The Talk.  It's among the few shared terrors of human existence.  No matter how anyone found all of that stuff out, it's a fair bet, they were dealt a traumatic experience in the process.  And most humans have to endure it at least twice: once when we're kids (Trev and I were 9 and 11, respectively), and then again when we have wide-eyed, horrified kids of our own doing all in their power to avoid eye contact.  It's the grim duty of every parent.

My youngest brother Nate is seven years Trevor's junior.  My parents, therefore, bore the burden knowledge that their parental duty to give The Talk had not yet passed.

So they put it off like champs.

I was 21 when I came home from my two year mission in Washington State.  I was an Adult, was old enough to drink, (I never did and never will, but knowing I could meant a lot.) and I pretty much had a handle on life.  To my wise, aged eyes, my parents seemed like two fellow adults who had somehow lost their bearing when it came to life decisions.  It was my responsibility to help them find their way again.  I was happy to lend a hand.

One day in passing right after Nate had turned 12, I overheard my mother remind my father they needed to think about giving Nate The Talk.

"You haven't given Nate The Talk yet?!"  I was incredulous.  At 12 years old, I was certain Nate had pieced together mechanics of you-know-what through bits and pieces he had overheard in the seedier corners of the recess playground.  As an Adult, I knew this led to nothing good for my little brother.  My mind's eye saw Nate and his future wife living in separate beds a la Ricky and Lucy, saw him permanently scarred when he learned about you-know-what from a particularly skeezy episode of  "Monk."  My worst fears took the form of a particularly unhappy shotgun wedding.  I wouldn't let this happen to a member of my family.

On duty, I hounded and harangued my parents to tell him.  For months.  Finally, my mother fired back in exasperation, "Stu, fine!  If you think it's so important and easy, maybe you should tell him, yourself!"

"I will if you guys won't!"

Fine!  Let me get him!"  Mom called Nate and sat him down on the couch.  The atmosphere in the room was  suddenly tense.  I'd felt that somewhere before.  Where was it?

"Nate, your brother has something he needs to Talk to you about, and it's really important, alright?"

Mom turned, arms folded and the smuggest smirk I have ever experienced gracing her face.  "Alright, Stu.  Go ahead."

Stuttering and stammering, I wiped my forehead.  "Ok, um, Nate, buddy, uh, I need to Talk to you.  Um, do you know where babies come from?"

My little brother's eyes grew wide and panicked.  He immediately glanced around, searching desperately for an exit.  He didn't answer my question.  This was already going poorly.  I remembered how traumatized I had been when my parents had dumped all the crass details into our laps so unceremoniously, so awkwardly.
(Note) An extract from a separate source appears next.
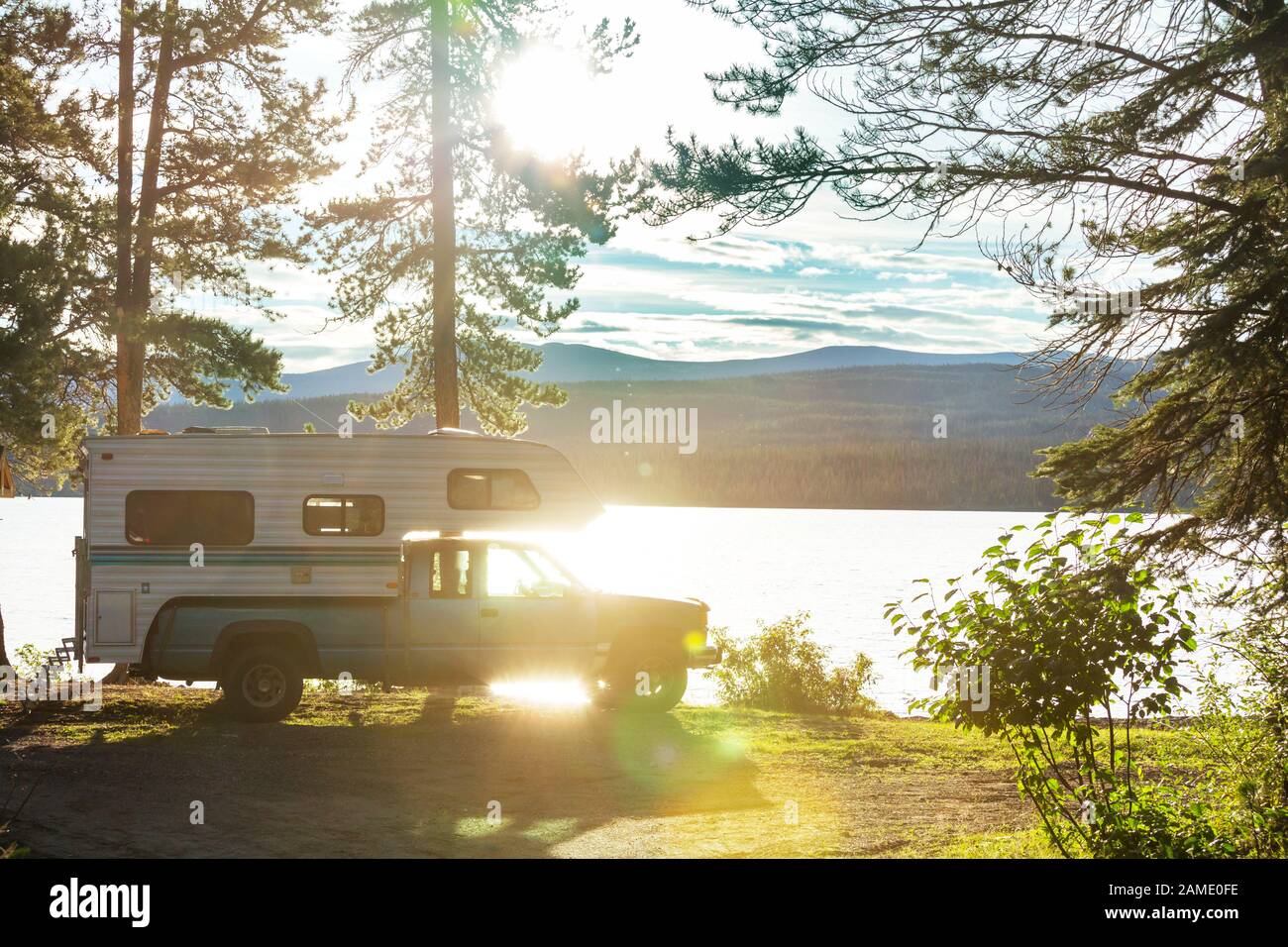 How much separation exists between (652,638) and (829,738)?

I wanted to be more deft than that., needed to find an analogy that would introduce the concepts without scarring him.

And then it struck me.

"Nate, you remember about World War II and D-Day?"  Nate nodded silently, still looking mildly frantic.  Mom's smirk had molded itself into a furrowed look of concern.

"Imagine you had a little Higgins boat like they had--you know those landing boats full of soldiers?  You know, like little sea men?  Well, what happened was they were in these boats that went up onto the shore. The boat released its soldiers and all the soldiers stormed the beach.  A lot of the soldiers didn't make it, but they all wanted to be the first one to get to Normandy."

Nate now wore an expression of mingled horror, bewilderment, and disgust.  I subconsciously realized I never knew how much he and Mom really looked alike; at least, one was doing a pretty uncanny impression of the other at that moment.

I continued, "And when the first soldier gets to Normandy, Normandy turns into a zygote."

Mom gasped, Nate cocked his head in alarmed confusion, covered his ears with his hands, shut his eyes, and hummed.  This was going poorly.  I felt flushed, mildly embarrassed and solidly out of my depth.  I mumbled something like, "I guess you don't know what a zygote is, huh?"

Mom cut me off, stepped in, and started to run damage control.  She started explaining to Nate in direct, scientific language without analogy.  She received points for clarity, but I felt my symbolic description was much more expressive and creative.  Whatever.  Nate got the talk from my mom, which is what I wanted in the first place.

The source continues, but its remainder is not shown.